EXERCISE INSTRUCTIONS:
Below are the records; copy exactly the lines from the first through the one containing "White gold bangles", both included, and leave out the pictures.

EXCERPTED DATA:
- - - - - - -
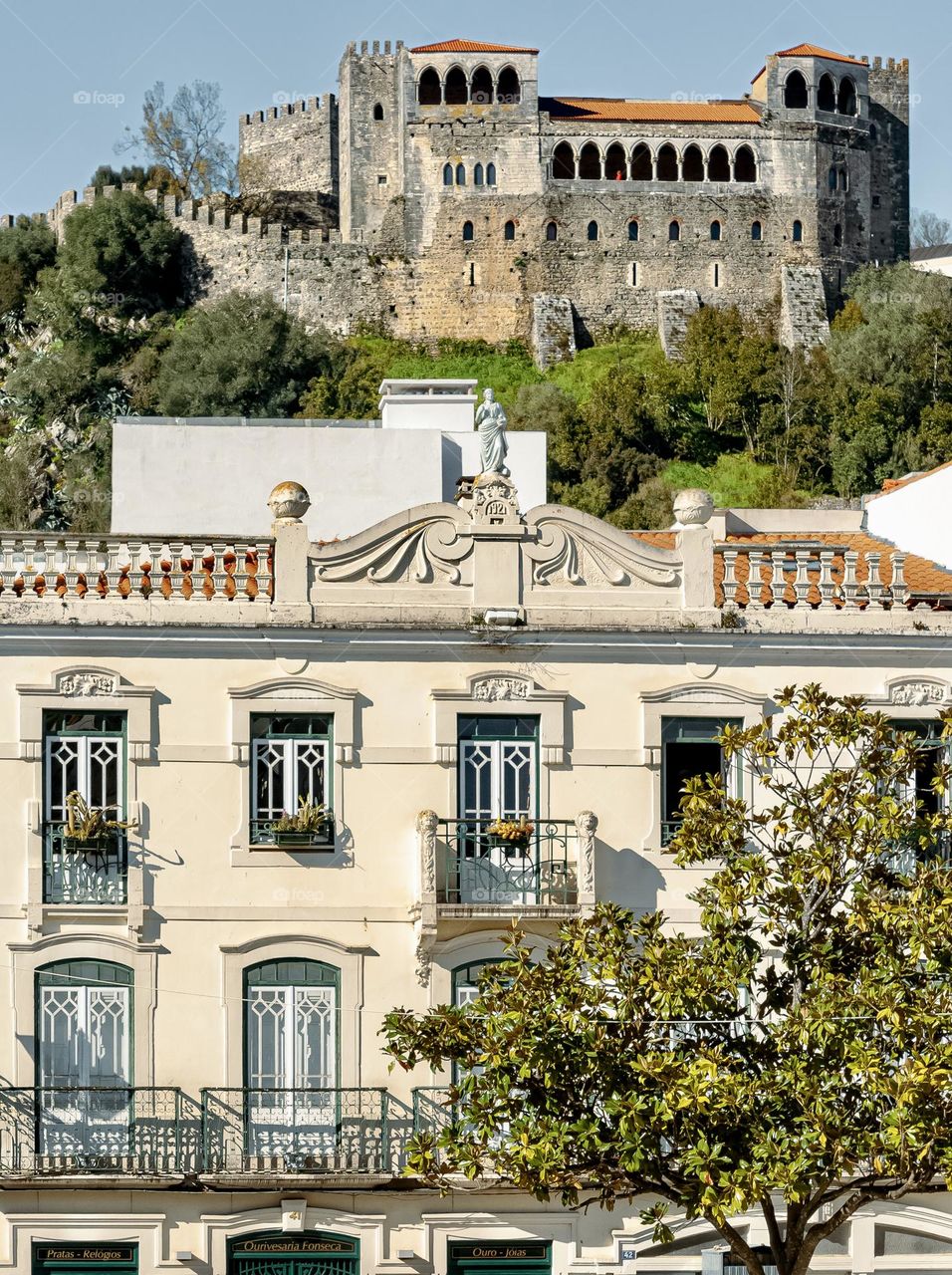 A view of the Castelo de Leiria, from Praça Francisco Rodrigues Lobo in Leiria, Portugal 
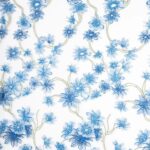 Ebony Elegant Tulle adorned with Light blue floral embroidery
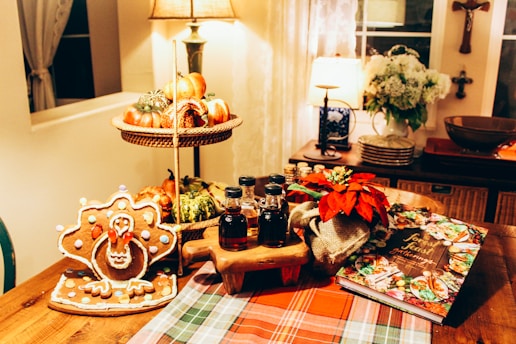 A festive table set with various pies and a mimosa bar for Thanksgiving.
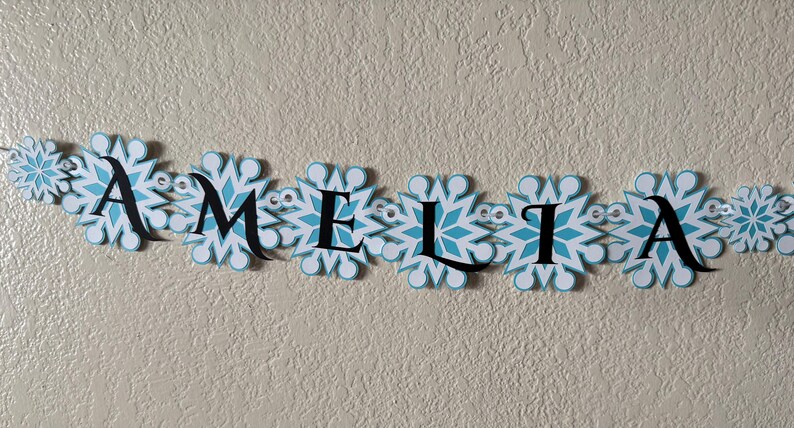 以下が含まれることがあります： 白と水色の雪の結晶のデザインの中に、黒い文字で「AMELIA」と書かれたバナー。 バナーには小さな透明な装飾が施されており、質感のある薄いベージュ色の壁に設置されています。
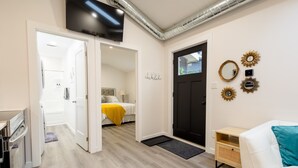 Une chambre d’hôtel moderne équipée d’un téléviseur à écran plat, d’un lit avec une couverture jaune, d’un canapé blanc et d’une petite table d’appoint en bois.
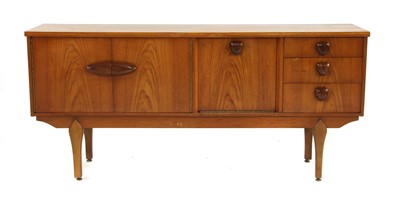 Lot 524 - A post-war teak sideboard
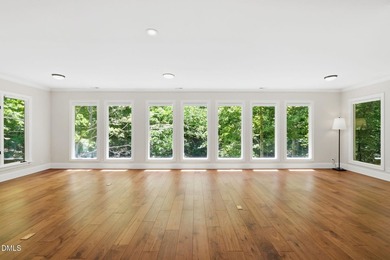 Tucked away on 5 private wooded acres with a peaceful pond, this - photo 21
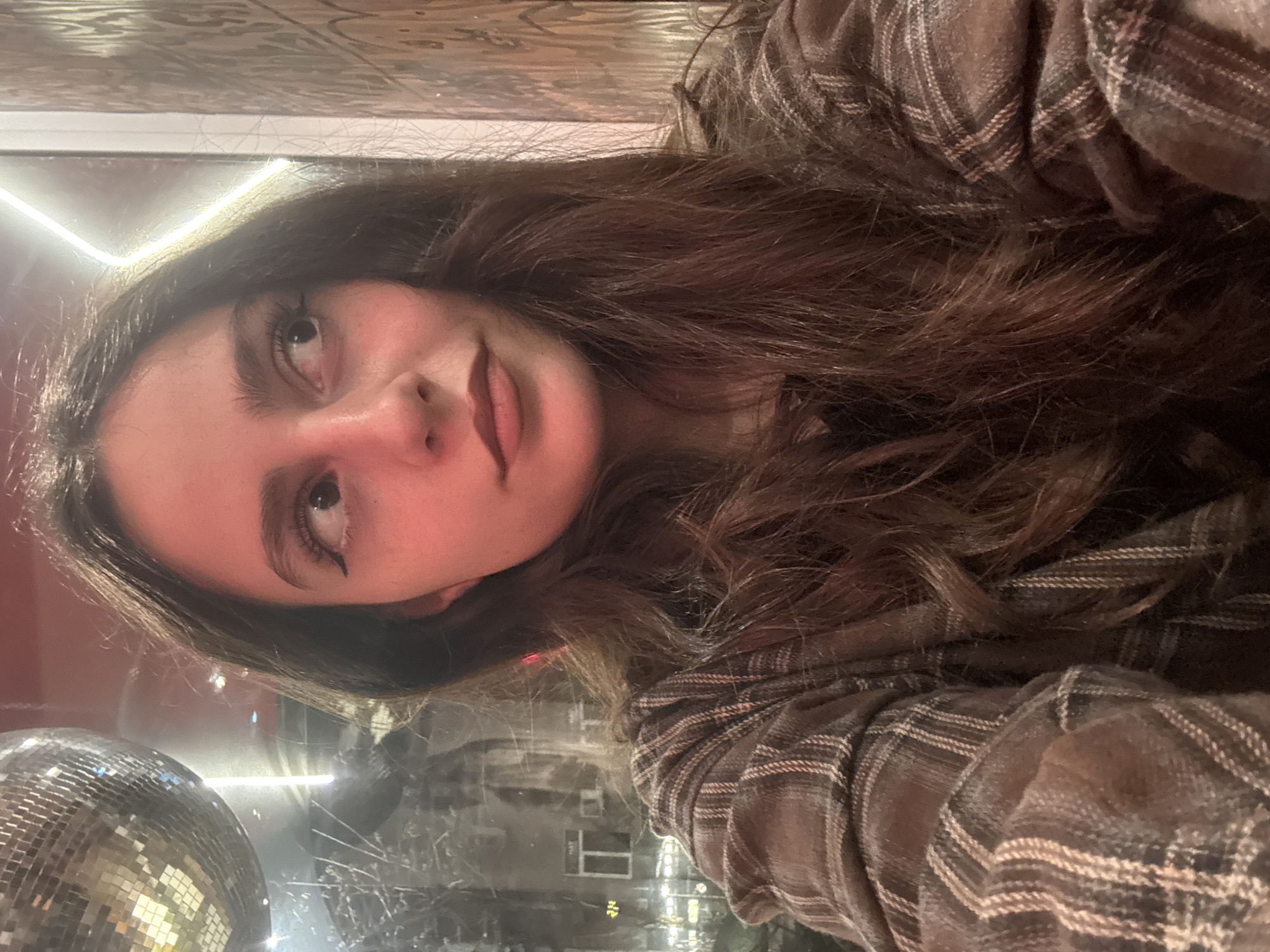 A female subject with long, dark brown hair and dark winged eyeliner is depicted in a medium close-up, gazing towards the upper right. She wears a brown and tan plaid long-sleeved shirt. Ambient lighting casts a reddish tone on her face. In the upper left background, a suspended disco ball reflects light. Behind the subject, a window or glass panel reflects an exterior urban environment, featuring a building facade with visible windows and bare tree branches. A vertical linear white light fixture and a patterned interior wall are also discernible. The scene is located in Yerevan, Armenia.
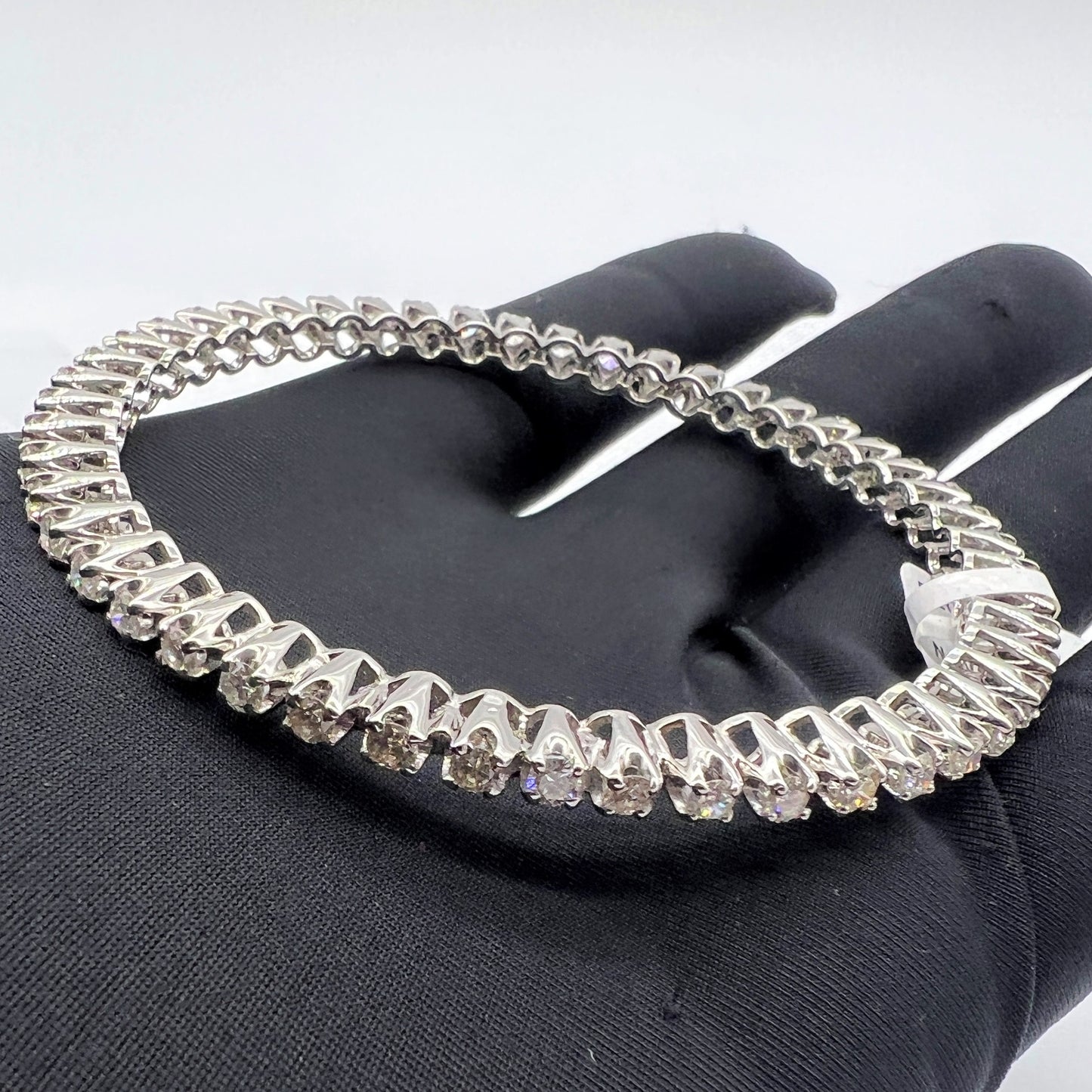 White gold bangles with lab grown diamonds on a black glove with a white background.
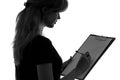 Black and white silhouette of a woman working in an office with a folder for sheets and a pen in the hands Royalty Free Stock Photo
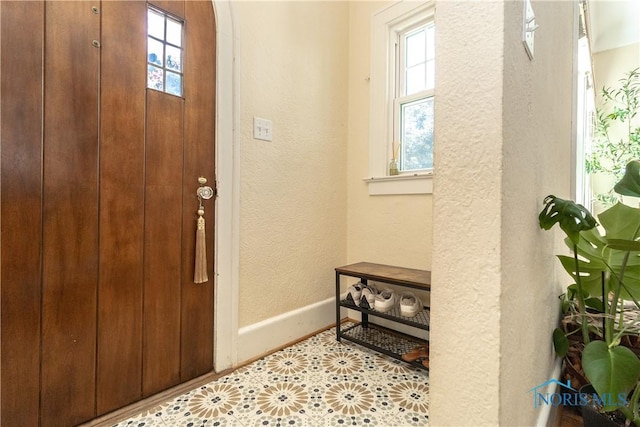 2448 Orchard Rd, Ottawa Hills, OH 43606 - foyer featuring a textured wall and tile patterned floors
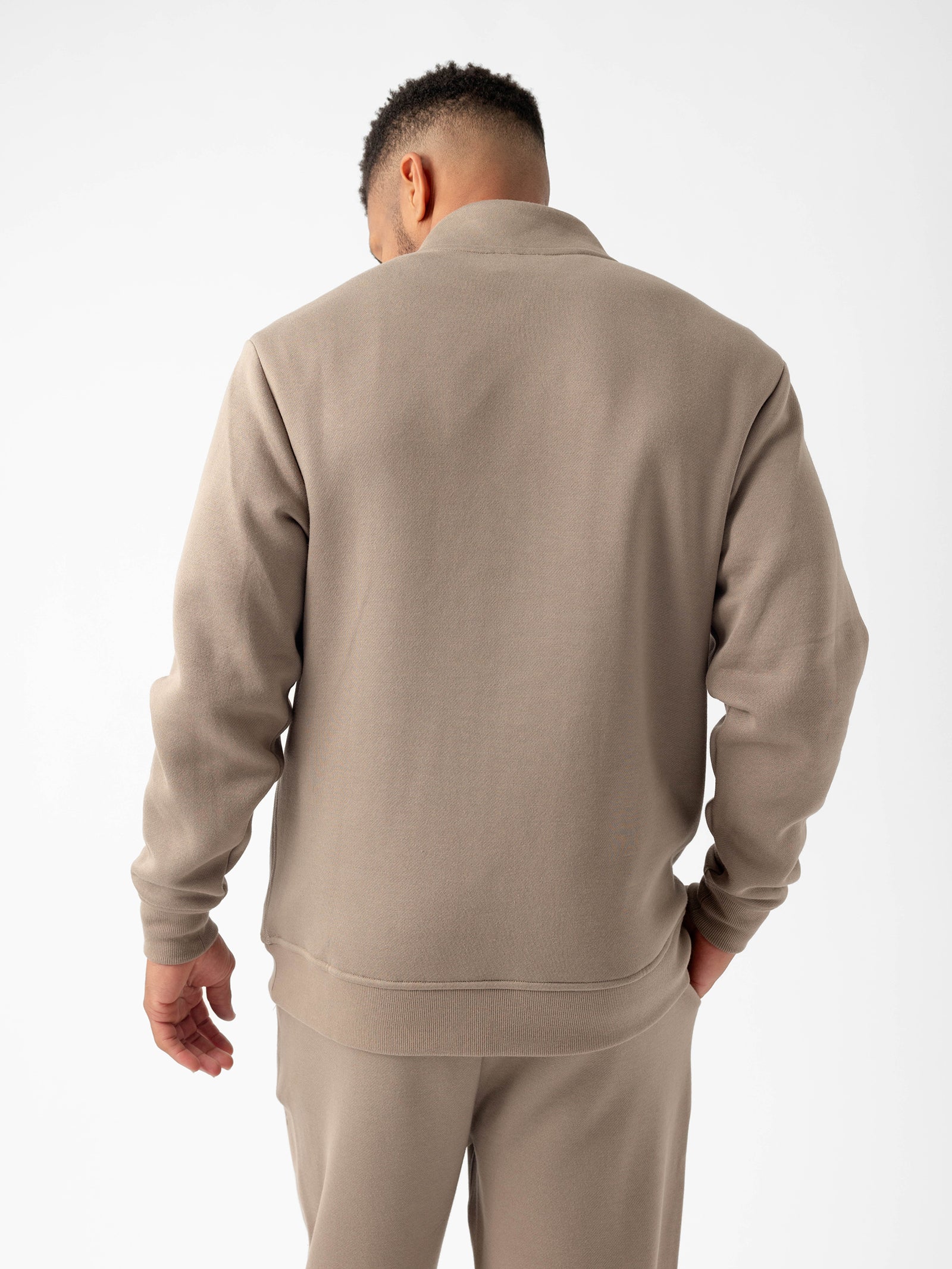 A person with short, curly hair is standing with their back facing the camera, wearing a light brown Cozy Earth Men's CityScape Quarter Zip fleece sweater and matching pants. The background is plain white. 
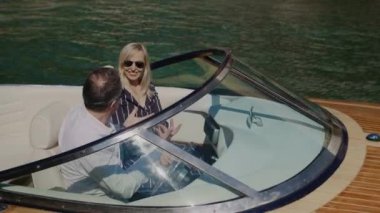 Mutlu yetişkin çift güzel manzaraya bakar ve gemi seyahatinde motorlu tekne ile eğlenir.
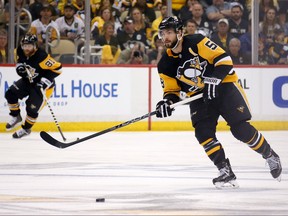 Pittsburgh Penguins  Kris Letang controls the puck in Game Four of the Eastern Conference Second Round during the 2018 NHL Stanley Cup Playoffs against the Washington Capitals at PPG PAINTS Arena on May 3, 2018 in Pittsburgh. (Kirk Irwin/Getty Images)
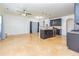 Open kitchen area featuring dark cabinets, granite countertops, stainless steel appliances and travertine floors at 2689 Muskeg Sw Ct, Atlanta, GA 30331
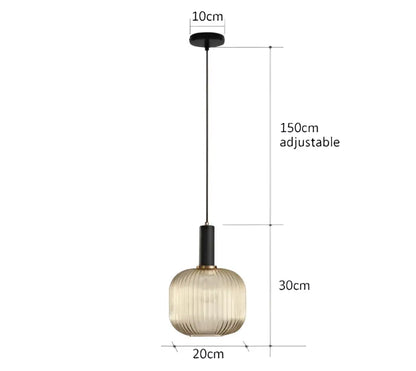 A modern pendant light with a ribbed smoked amber glass globe and black metal hardware for dining room decorbites colorful glass pendant lighting
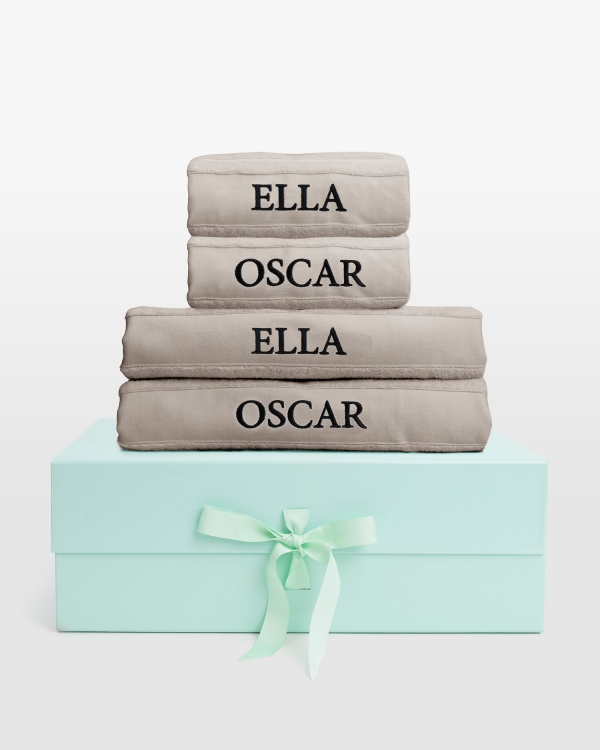 Sandfarget håndklærsett med dusjhåndklær og svart navnebrodert design, perfekt for moderne komfort og subtil eleganse.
- - - - - - -
RESULT:
 A view of the Castelo de Leiria, from Praça Francisco Rodrigues Lobo in Leiria, Portugal 
 Ebony Elegant Tulle adorned with Light blue floral embroidery
 A festive table set with various pies and a mimosa bar for Thanksgiving.
 以下が含まれることがあります： 白と水色の雪の結晶のデザインの中に、黒い文字で「AMELIA」と書かれたバナー。 バナーには小さな透明な装飾が施されており、質感のある薄いベージュ色の壁に設置されています。
 Une chambre d’hôtel moderne équipée d’un téléviseur à écran plat, d’un lit avec une couverture jaune, d’un canapé blanc et d’une petite table d’appoint en bois.
 Lot 524 - A post-war teak sideboard
 Tucked away on 5 private wooded acres with a peaceful pond, this - photo 21
 A female subject with long, dark brown hair and dark winged eyeliner is depicted in a medium close-up, gazing towards the upper right. She wears a brown and tan plaid long-sleeved shirt. Ambient lighting casts a reddish tone on her face. In the upper left background, a suspended disco ball reflects light. Behind the subject, a window or glass panel reflects an exterior urban environment, featuring a building facade with visible windows and bare tree branches. A vertical linear white light fixture and a patterned interior wall are also discernible. The scene is located in Yerevan, Armenia.
 White gold bangles with lab grown diamonds on a black glove with a white background.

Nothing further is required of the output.